In her book, “Coaching with Careers and AI in Mind: Grounding a Hopeful and Resourceful Fit for a Digital World,” Adina Terry offers much needed insights about how to prepare job seekers for success in the turbulent digital age. Some, like the World Economic Forum, refer to our current epoch as the Fourth Industrial Revolution characterized by the advance of cyber-physical systems and artificial intelligence. In so many ways, the world of work has dramatically changed and preparation for these economic realities require a reimagining about how to provide career counseling.
This week’s post offers insights about career counseling in this digital age from the tradition of Ignatian discernment. Image from “Four Strategies for Discernment” by Vinita Hampton Wright at IgnatianSpirituality.com.
The career counseling literature stresses the need for flexibility, adaptability, and lifelong learning in navigating the demands of work at a time of digital innovation and disruption. Much of what job seekers need is related to the development of technical skills and expertise necessary to fulfill the ever-changing demands of jobs that meet current economic and social needs. But more than technical practices, interior dispositions and capacities to tap into one’s deeper sense of meaning and purpose are necessary to align one’s skills to available work opportunities. In this way, career support needs to be about the “Whole Person,” a values-based commitment made explicit in the Spirit of Georgetown.

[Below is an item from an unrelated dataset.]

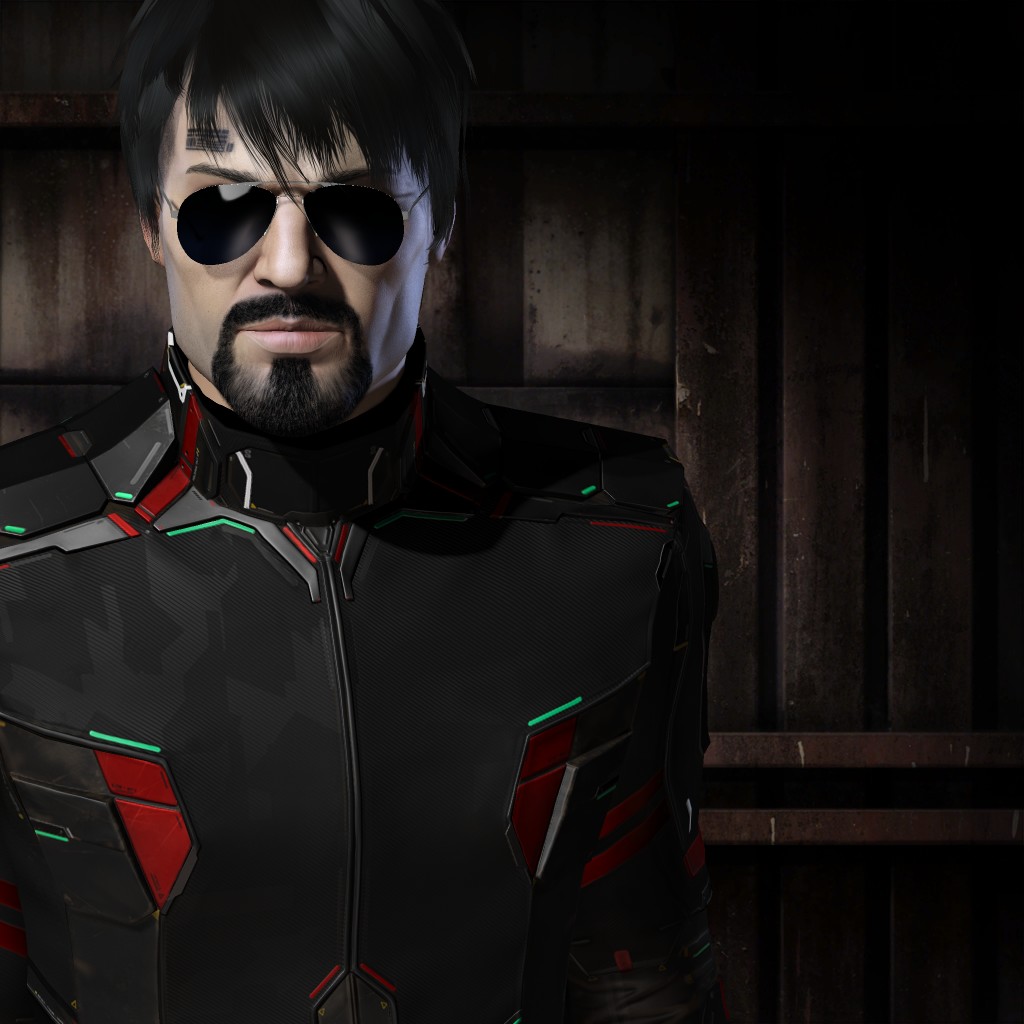 ArtHan Honzo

Thankfully, SCS offers a set of resources to support students on their professional journeys, including career coaching from a certified career counselor. These curated resources are in addition to program-specific professional preparation and advising that take place within classes and in applied networking opportunities that occur outside of the curriculum. I believe that spiritual accompaniment resources should also be considered part of the overall well of support for career development. Students should consider their pastoral engagements with the suite of Georgetown’s multi-faith chaplains and staff, which occur in individual consultations and group settings like workshops, fellowship, and retreats, an important part of their career preparation.
Engagements with spiritual guides can help students discern their “calling,” which scholars in an article in the journal The Counseling Psychologist entitled, “Purpose and Meaning in Career Development Applications,” describe as “linking what clients do at work to a broader impact” that “can enhance a sense that they are living out a calling and promotes purpose and meaning in their careers.” The key to this understanding of “calling” is that individual flourishing does not take place in isolation but depends on connecting one’s own well-being to the well-being of the entire community. Calling is truly a shared project. Calling is not discovered in a single “aha moment,” but discerned over the longer term. How, you might be asking, can one’s calling in work be discerned over the longer term of a career that needs to withstand the dynamic forces of an economic system in flux?
Discernment is one of the essential practices at the root of the Jesuit tradition of spirituality and leadership. This approach necessitates that the seeker regularly grows in sensory awareness of their inner movements. These habits of self-awareness, cultivated through the Ignatian examen of consciousness, lead the individual to notice their emotions, feelings, affections, desires, attractions, and repulsions. The reflective stage of the examen invites the seeker to make meaning of these inner experiences. Am I being inclined by my inner movements to experience more connection and alignment with my true self and my authentic identity before my ultimate source of meaning (e.g., God, Ultimate Mystery, etc.)? Or am I noticing a troublesome disconnect between what I deeply desire for myself and how I actually feel? This journey of discernment requires regular attention to these subtle interior changes and this process should be supported by a trained spiritual guide.
William Spohn, in his article “The Chosen Path” in America Magazine, presents the transformative possibilities of utilizing an Ignatian framework in making career decisions. Spohn names this potential for transformation through Ignatian spirituality as the opportunity to “discover our personal calling by aligning our gifts and aspirations with what we see as the deepest needs of our world.” We must remember that discerning one’s vocation is a continuous exercise and it is not generic, but a unique journey experienced as a “call to individuals tailored both to their talents and the community’s needs.” By bringing one’s deeper desires into the career discernment process, the individual taps into possibilities for self-growth and community service that extend beyond their technical skills and training. I hope that all involved in the career support ecosystem consider the multidimensional and holistic dimensions of assisting students on the journey to meaningful work.